La situation se dégrade en Casamance, où les indépendantistes entretiennent l'agitation depuis plusieurs années. Quatre touristes français disparaissent en avril 1995 dans des conditions mystérieuses. Les affrontements entre rebelles casamançais et armée sénégalaise reprennent avec plus de force. Le mouvement séparatiste est plus actif, mais aussi plus divisé et plus insaisissable qu'auparavant. Aucune solution définitive au conflit n'est envisageable dans l'immédiat.

En juin 1995, le Sénégal fête officiellement le centenaire de la création de l'AOF (Afrique-Occidentale française), ce qui surprend certains de ses partenaires. La France n'accepte de subventionner cette célébration qu'avec une certaine réticence. Aucun des chefs d'État de la région ne répond à l'invitation sénégalaise ; l'épouse du président malien participe au colloque organisé dans ce cadre mais seulement comme historienne. L'un des motifs de cette célébration était pourtant de réaffirmer la foi du Sénégal dans les unions régionales en Afrique.

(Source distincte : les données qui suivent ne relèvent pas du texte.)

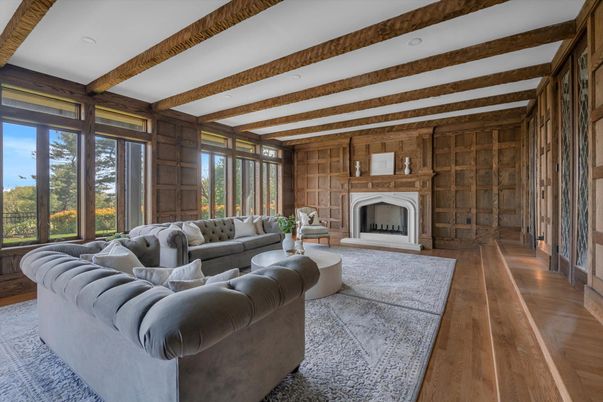 Fireplace, Interior, Living room, Recessed Lighting, Wooden Beams, Wood Texture Flooring, Wooden Walls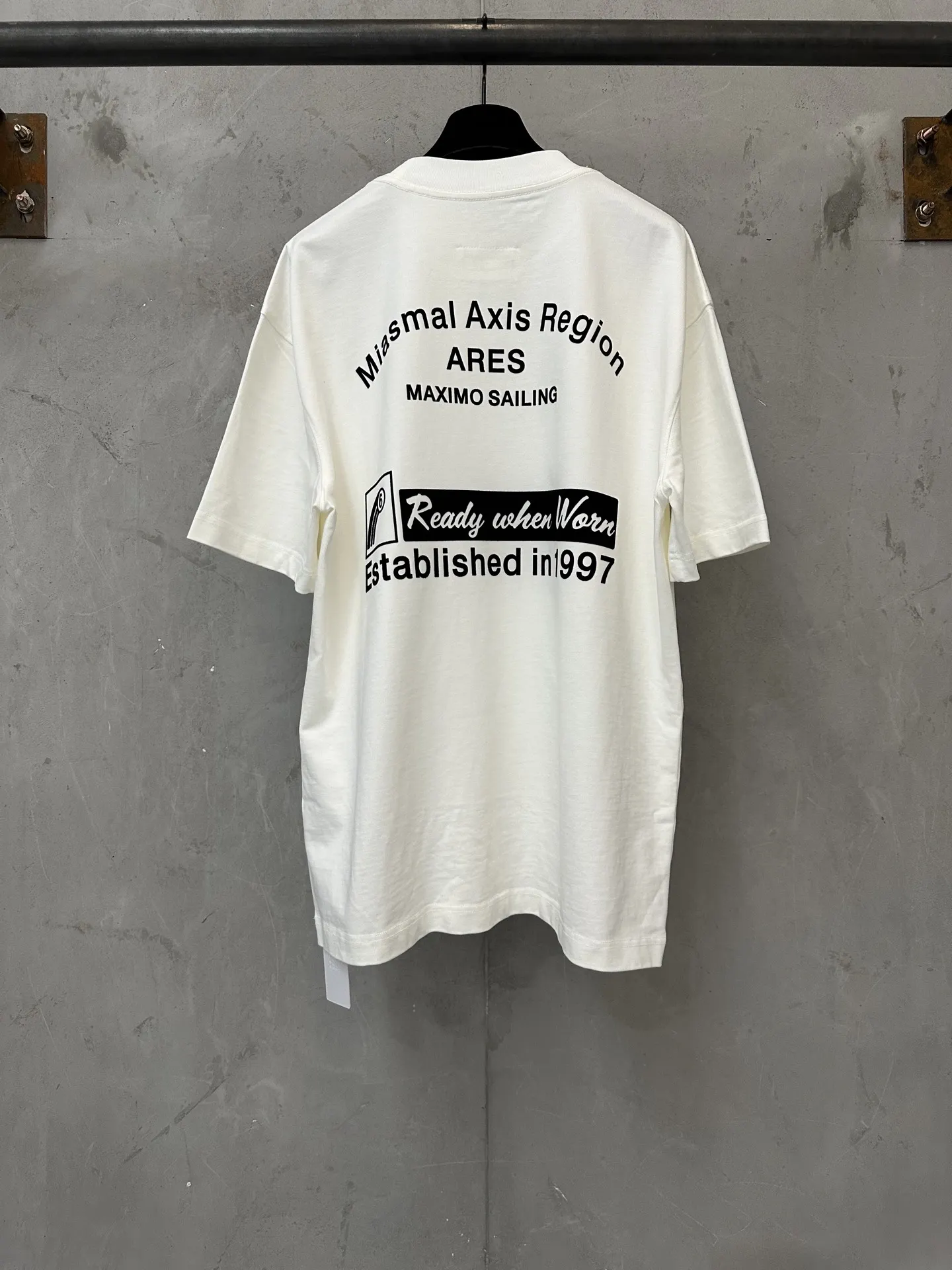 MM6 Logo Flocked Heavyweight Cotton T-Shirt D19525024 — view 2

Chrono. : 6/04, 25/07, 26/10.

Gambie

Le régime instauré en juillet 1994 à la suite du coup d'État du lieutenant Yaya Jammeh, doit affronter durant l'année ses divisions internes. Le vice-président, le lieutenant Sana Sabally, est arrêté fin janvier, accusé d'avoir voulu renverser le président avec la complicité du ministre de l'Intérieur. Scandales, meurtres inexpliqués et démissions autoritaires témoignent de l'instabilité politique profonde et de la nervosité de dirigeants inexpérimentés. Le retour au régime civil est cependant promis pour juillet 1996.

Mali

L'année 1995 est très calme au Mali. Les pluies favorisent à nouveau les récoltes, et le conflit avec les Touaregs s'apaise : une paix encore fragile prévaut, permettant à certains Touaregs réfugiés depuis plusieurs années en Mauritanie de revenir sur le territoire malien. Les grèves et les manifestations diverses se raréfient, ce qui conduit le président Alpha Oumar Konaré à déclarer, lors de l'anniversaire de l'indépendance, en septembre, que « le Mali s'achemine vers la démocratie normale ». Le chef de l'État refuse en juillet de se rendre à Dakar pour y rencontrer le président français Jacques Chirac dans un cadre régional. Il entend ainsi protester contre une « hiérarchisation » dans les rapports franco-africains.

Burkina

Le Premier ministre, Marc Christian Roch Kaboré, procède le 11 juin 1995 à un remaniement important de son gouvernement, augmenté désormais de deux membres. Le ministre de la Défense Kanidoua Naboho est remplacé par le colonel Badaye Fayama, ancien chef d'état-major général des Armées. Ce remaniement correspond à une volonté de renforcement de la politique des « six engagements nationaux » lancée en 1994 par le président Blaise Compaoré.

Niger

La situation continue de se dégrader sur tous les plans, avec notamment la recrudescence de la rébellion dans l'est du pays (qui ne se limite plus désormais aux seuls Touaregs), l'abandon du programme imposé par le Fonds monétaire international (FMI) et le conflit durable entre le président Mahamane Ousmane et le Premier ministre nommé en février, Hama Amadou, qui appartient à l'opposition. Un accord de paix avait été signé avec les Touaregs en avril 1995 à Niamey, après avoir été négocié à Ouagadougou grâce à la médiation du Burkina. Mais la suite montre que cet accord n'est pas appliqué sur le terrain, où il est parfois difficile de distinguer la rébellion politique du simple brigandage.